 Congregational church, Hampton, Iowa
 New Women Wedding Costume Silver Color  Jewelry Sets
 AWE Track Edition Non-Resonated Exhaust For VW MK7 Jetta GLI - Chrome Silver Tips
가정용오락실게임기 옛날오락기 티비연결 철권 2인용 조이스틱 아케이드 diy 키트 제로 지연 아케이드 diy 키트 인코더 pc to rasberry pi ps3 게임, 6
---
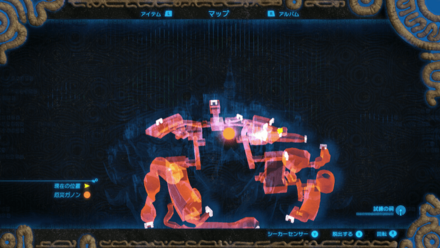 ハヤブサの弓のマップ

## WHAT THIS TASK INVOLVES
Pick out every line above that holds the word "Silver" and copy it.

## ANSWER BOX
 New Women Wedding Costume Silver Color  Jewelry Sets
 AWE Track Edition Non-Resonated Exhaust For VW MK7 Jetta GLI - Chrome Silver Tips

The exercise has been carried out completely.